Now enable the event and look at the trace.
::

 # echo 1 > events/eprobes/openat/enable
 # cat trace

 # tracer: nop
 #
 # entries-in-buffer/entries-written: 4/4   #P:8
 #
 #                                _-----=> irqs-off/BH-disabled
 #                               / _----=> need-resched
 #                              | / _---=> hardirq/softirq
 #                              || / _--=> preempt-depth
 #                              ||| / _-=> migrate-disable
 #                              |||| /     delay
 #           TASK-PID     CPU#  |||||  TIMESTAMP  FUNCTION
 #              | |         |   |||||     |         |
              cat-1298    [003] ...2.  2060.875970: openat: (raw_syscalls.sys_enter) nr=0x101 filename=(fault)
              cat-1298    [003] ...2.  2060.876197: openat: (raw_syscalls.sys_enter) nr=0x101 filename=(fault)
              cat-1298    [003] ...2.  2060.879126: openat: (raw_syscalls.sys_enter) nr=0x101 filename=(fault)
              cat-1298    [003] ...2.  2060.879639: openat: (raw_syscalls.sys_enter) nr=0x101 filename=(fault)
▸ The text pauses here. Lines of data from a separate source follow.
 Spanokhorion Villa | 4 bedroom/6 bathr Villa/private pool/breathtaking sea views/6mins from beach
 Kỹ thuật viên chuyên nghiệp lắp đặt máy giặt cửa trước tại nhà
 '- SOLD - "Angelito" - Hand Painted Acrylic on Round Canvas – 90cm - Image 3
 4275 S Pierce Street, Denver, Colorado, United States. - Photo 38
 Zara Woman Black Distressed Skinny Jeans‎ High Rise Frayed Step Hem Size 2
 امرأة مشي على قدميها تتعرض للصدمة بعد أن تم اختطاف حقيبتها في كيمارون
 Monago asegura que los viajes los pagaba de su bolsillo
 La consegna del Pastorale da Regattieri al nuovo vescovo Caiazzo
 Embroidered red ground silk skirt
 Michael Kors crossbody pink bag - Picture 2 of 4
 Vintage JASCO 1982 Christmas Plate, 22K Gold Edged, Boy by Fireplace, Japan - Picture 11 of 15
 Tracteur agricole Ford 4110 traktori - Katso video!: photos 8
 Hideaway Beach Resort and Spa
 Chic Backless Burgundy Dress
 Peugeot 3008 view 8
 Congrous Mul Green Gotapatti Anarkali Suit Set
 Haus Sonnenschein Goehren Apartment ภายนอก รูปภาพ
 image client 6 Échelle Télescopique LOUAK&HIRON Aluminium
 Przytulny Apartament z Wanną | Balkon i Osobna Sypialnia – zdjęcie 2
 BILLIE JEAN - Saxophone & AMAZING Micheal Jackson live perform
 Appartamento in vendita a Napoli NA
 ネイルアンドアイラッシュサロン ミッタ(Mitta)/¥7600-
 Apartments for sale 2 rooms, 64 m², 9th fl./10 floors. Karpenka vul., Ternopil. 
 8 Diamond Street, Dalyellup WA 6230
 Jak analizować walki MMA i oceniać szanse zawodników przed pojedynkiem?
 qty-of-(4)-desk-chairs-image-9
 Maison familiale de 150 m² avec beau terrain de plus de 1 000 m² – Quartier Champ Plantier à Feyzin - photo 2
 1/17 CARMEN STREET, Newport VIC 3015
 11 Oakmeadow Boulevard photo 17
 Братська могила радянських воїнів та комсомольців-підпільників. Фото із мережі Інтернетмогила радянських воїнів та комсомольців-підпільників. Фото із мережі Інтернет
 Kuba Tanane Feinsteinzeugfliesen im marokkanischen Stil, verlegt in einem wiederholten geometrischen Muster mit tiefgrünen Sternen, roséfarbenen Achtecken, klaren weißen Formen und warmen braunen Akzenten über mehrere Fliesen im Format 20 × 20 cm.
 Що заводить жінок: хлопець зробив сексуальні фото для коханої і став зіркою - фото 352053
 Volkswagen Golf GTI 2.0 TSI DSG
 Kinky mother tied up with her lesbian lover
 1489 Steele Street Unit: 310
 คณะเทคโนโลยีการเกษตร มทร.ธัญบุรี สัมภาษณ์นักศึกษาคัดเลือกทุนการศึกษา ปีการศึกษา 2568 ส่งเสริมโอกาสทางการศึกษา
The filename shows "(fault)". This is likely because the filename has not been
pulled into memory yet and currently trace events cannot fault in memory that
is not present. When an eprobe tries to read memory that has not been faulted
in yet, it will show the "(fault)" text.

To get around this, as the kernel will likely pull in this filename and make
it present, attaching it to a synthetic event that can pass the address of the
filename from the entry of the event to the end of the event, this can be used
to show the filename when the system call returns.

Remove the old eprobe::

 # echo 1 > events/eprobes/openat/enable
 # echo '-:openat' >> dynamic_events

This time make an eprobe where the address of the filename is saved::

 # echo 'e:openat_start raw_syscalls.sys_enter nr=$id filename=+8($args):x64' >> dynamic_events

Create a synthetic event that passes the address of the filename to the
end of the event::

 # echo 's:filename u64 file' >> dynamic_events
 # echo 'hist:keys=common_pid:f=filename if nr == 257' > events/eprobes/openat_start/trigger
 # echo 'hist:keys=common_pid:file=$f:onmatch(eprobes.openat_start).trace(filename,$file) if id == 257' > events/raw_syscalls/sys_exit/trigger

Now that the address of the filename has been passed to the end of the
system call, create another eprobe to attach to the exit event to show the
string::

 # echo 'e:openat synthetic.filename filename=+0($file):ustring' >> dynamic_events
 # echo 1 > events/eprobes/openat/enable
 # cat trace

 # tracer: nop
 #
 # entries-in-buffer/entries-written: 4/4   #P:8
 #
 #                                _-----=> irqs-off/BH-disabled
 #                               / _----=> need-resched
 #                              | / _---=> hardirq/softirq
 #                              || / _--=> preempt-depth
 #                              ||| / _-=> migrate-disable
 #                              |||| /     delay
 #           TASK-PID     CPU#  |||||  TIMESTAMP  FUNCTION
 #              | |         |   |||||     |         |
              cat-1331    [001] ...5.  2944.787977: openat: (synthetic.filename) filename="/etc/ld.so.cache"
              cat-1331    [001] ...5.  2944.788480: openat: (synthetic.filename) filename="/lib/x86_64-linux-gnu/libc.so.6"
              cat-1331    [001] ...5.  2944.793426: openat: (synthetic.filename) filename="/usr/lib/locale/locale-archive"
              cat-1331    [001] ...5.  2944.831362: openat: (synthetic.filename) filename="trace"

Example 3
---------

If syscall trace events are available, the above would not need the first
eprobe, but it would still need the last one::

 # echo 's:filename u64 file' >> dynamic_events
 # echo 'hist:keys=common_pid:f=filename' > events/syscalls/sys_enter_openat/trigger
 # echo 'hist:keys=common_pid:file=$f:onmatch(syscalls.sys_enter_openat).trace(filename,$file)' > events/syscalls/sys_exit_openat/trigger
 # echo 'e:openat synthetic.filename filename=+0($file):ustring' >> dynamic_events
 # echo 1 > events/eprobes/openat/enable

And this would produce the same result as Example 2.